Therefore, this Court has the authority to overturn such an order under Article 226.

Given the aforementioned conclusions, this Court maintains the following:
According to the Tenth Schedule’s Paragraph 2(1)(a), the five MLAs in question are no longer eligible to serve;

Since there is no proof of a merger between HJC-BL and INC, the defense of a legitimate merger under paragraph 4 is not applicable;

The Speaker’s decision is overturned and annulled due to its arbitrary, unlawful, and unconstitutional nature;

Within four weeks of the date of this order, the Speaker is instructed to reexamine the disqualification petition in compliance with the law and in light of this ruling.

REASONING

The Court clarified that a merger between two political parties—rather than just between groups of lawmakers—is required by Paragraph 4. The HJC-BL and INC did not unite as a result of a few MLAs changing their allegiance.
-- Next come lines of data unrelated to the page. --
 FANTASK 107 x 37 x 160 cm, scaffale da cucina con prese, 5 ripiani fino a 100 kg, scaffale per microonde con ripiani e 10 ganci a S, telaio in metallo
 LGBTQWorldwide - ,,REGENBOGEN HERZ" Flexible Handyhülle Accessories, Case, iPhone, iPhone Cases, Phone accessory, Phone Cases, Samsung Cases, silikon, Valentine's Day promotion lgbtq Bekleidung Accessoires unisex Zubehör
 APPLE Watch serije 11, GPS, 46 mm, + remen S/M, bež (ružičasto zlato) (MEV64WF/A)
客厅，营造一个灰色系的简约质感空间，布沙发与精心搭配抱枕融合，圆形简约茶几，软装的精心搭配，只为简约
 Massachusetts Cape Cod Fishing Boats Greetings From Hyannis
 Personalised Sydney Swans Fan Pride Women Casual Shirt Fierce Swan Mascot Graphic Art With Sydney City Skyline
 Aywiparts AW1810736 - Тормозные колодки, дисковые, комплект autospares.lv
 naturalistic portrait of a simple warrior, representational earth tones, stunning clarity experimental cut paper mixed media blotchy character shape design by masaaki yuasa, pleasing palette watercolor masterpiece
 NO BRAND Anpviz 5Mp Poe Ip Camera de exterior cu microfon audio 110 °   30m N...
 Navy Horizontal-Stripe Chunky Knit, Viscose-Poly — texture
Furthermore, until there was a parallel party-level merger, the two-thirds support that the departing MLAs claimed within the legislative party could not validate the action.
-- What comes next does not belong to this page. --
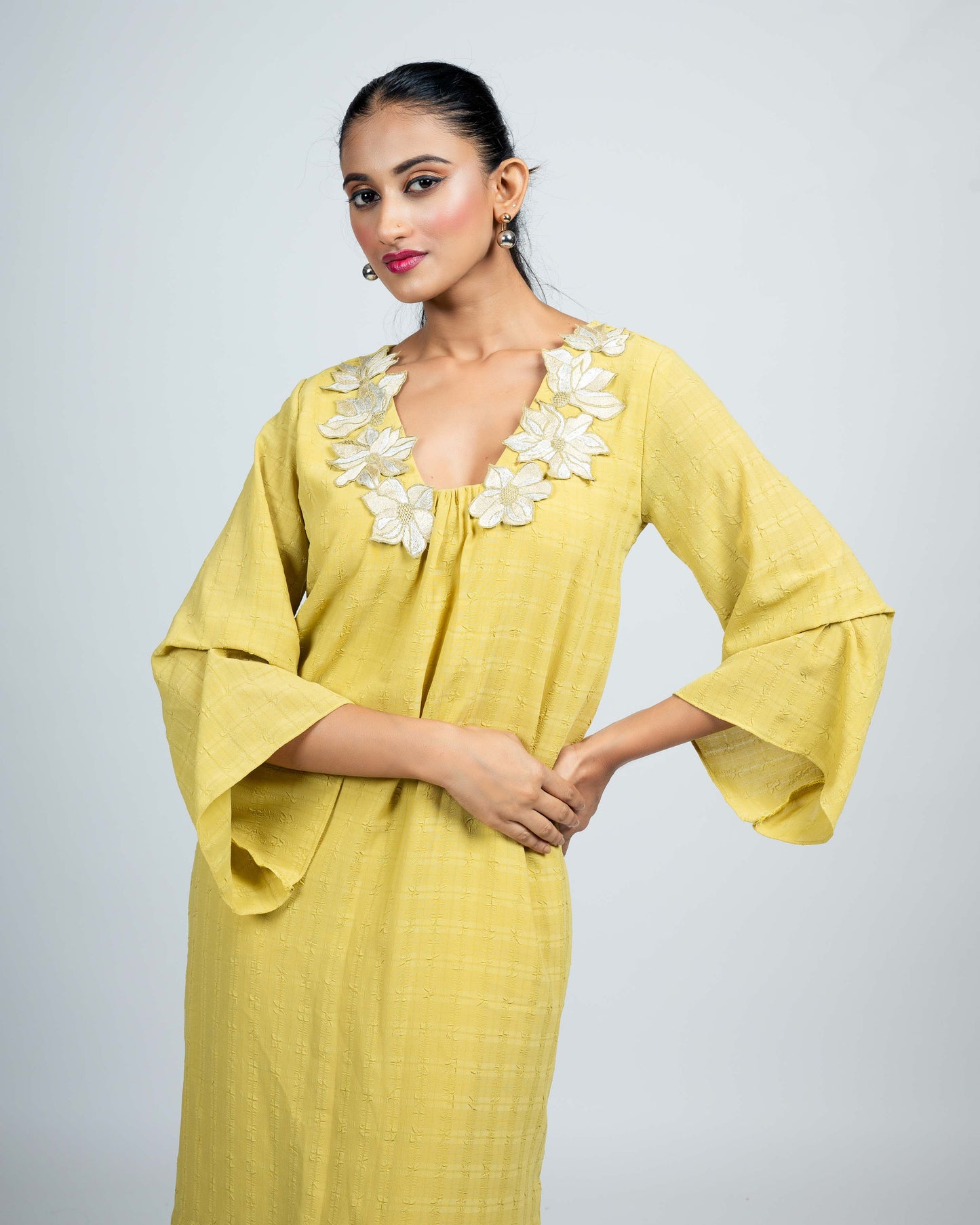 Sunlit Bloom Embroidered Flared Dress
It was determined that the Speaker’s order could not be upheld under the constitution. In order to avoid arbitrary decisions and preserve democratic principles, the ruling reiterated that the Speaker’s authority, albeit being quasi-judicial, is subject to constitutional examination.

CONCLUSION

This case marks a critical turning point in the interpretation of the Constitution’s Tenth Schedule. The anti-defection law’s goal of preventing political defection and upholding the integrity of the electoral mandate is reaffirmed. The ruling confirms that the Speaker’s actions are subject to judicial review, particularly when they violate the morality of the constitution or are founded on an incorrect interpretation of party mergers. It also makes a strong statement about the constitutional role of courts in upholding democratic integrity and political accountability.